* [Task instructions] Present exactly, and only, the lines running from the line that contains "Screenshot of SearchAtlas's" through the end of the entries below.

[Records from a dataset]

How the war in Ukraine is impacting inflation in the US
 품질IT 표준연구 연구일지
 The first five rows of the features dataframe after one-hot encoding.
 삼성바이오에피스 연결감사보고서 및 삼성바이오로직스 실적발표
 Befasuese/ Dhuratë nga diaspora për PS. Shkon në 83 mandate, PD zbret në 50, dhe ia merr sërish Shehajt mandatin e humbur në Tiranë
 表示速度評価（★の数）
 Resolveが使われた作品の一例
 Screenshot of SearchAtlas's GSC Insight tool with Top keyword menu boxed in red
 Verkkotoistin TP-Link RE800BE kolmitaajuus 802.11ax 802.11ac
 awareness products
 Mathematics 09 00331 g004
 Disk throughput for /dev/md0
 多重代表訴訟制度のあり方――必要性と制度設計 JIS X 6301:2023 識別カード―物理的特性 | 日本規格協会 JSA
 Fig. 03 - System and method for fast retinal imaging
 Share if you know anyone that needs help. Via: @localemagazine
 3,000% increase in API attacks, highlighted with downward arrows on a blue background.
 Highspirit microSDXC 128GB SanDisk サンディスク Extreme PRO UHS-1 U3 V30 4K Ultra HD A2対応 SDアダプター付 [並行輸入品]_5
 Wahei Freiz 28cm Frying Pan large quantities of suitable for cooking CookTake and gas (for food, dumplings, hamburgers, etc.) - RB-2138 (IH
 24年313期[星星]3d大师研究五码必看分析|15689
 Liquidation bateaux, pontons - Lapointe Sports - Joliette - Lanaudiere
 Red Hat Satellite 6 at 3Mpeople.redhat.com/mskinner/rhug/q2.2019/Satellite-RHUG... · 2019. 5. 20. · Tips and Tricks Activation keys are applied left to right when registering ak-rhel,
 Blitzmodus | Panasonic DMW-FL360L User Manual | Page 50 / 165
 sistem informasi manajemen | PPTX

* [Task response]
 Screenshot of SearchAtlas's GSC Insight tool with Top keyword menu boxed in red
 Verkkotoistin TP-Link RE800BE kolmitaajuus 802.11ax 802.11ac
 awareness products
 Mathematics 09 00331 g004
 Disk throughput for /dev/md0
 多重代表訴訟制度のあり方――必要性と制度設計 JIS X 6301:2023 識別カード―物理的特性 | 日本規格協会 JSA
 Fig. 03 - System and method for fast retinal imaging
 Share if you know anyone that needs help. Via: @localemagazine
 3,000% increase in API attacks, highlighted with downward arrows on a blue background.
 Highspirit microSDXC 128GB SanDisk サンディスク Extreme PRO UHS-1 U3 V30 4K Ultra HD A2対応 SDアダプター付 [並行輸入品]_5
 Wahei Freiz 28cm Frying Pan large quantities of suitable for cooking CookTake and gas (for food, dumplings, hamburgers, etc.) - RB-2138 (IH
 24年313期[星星]3d大师研究五码必看分析|15689
 Liquidation bateaux, pontons - Lapointe Sports - Joliette - Lanaudiere
 Red Hat Satellite 6 at 3Mpeople.redhat.com/mskinner/rhug/q2.2019/Satellite-RHUG... · 2019. 5. 20. · Tips and Tricks Activation keys are applied left to right when registering ak-rhel,
 Blitzmodus | Panasonic DMW-FL360L User Manual | Page 50 / 165
 sistem informasi manajemen | PPTX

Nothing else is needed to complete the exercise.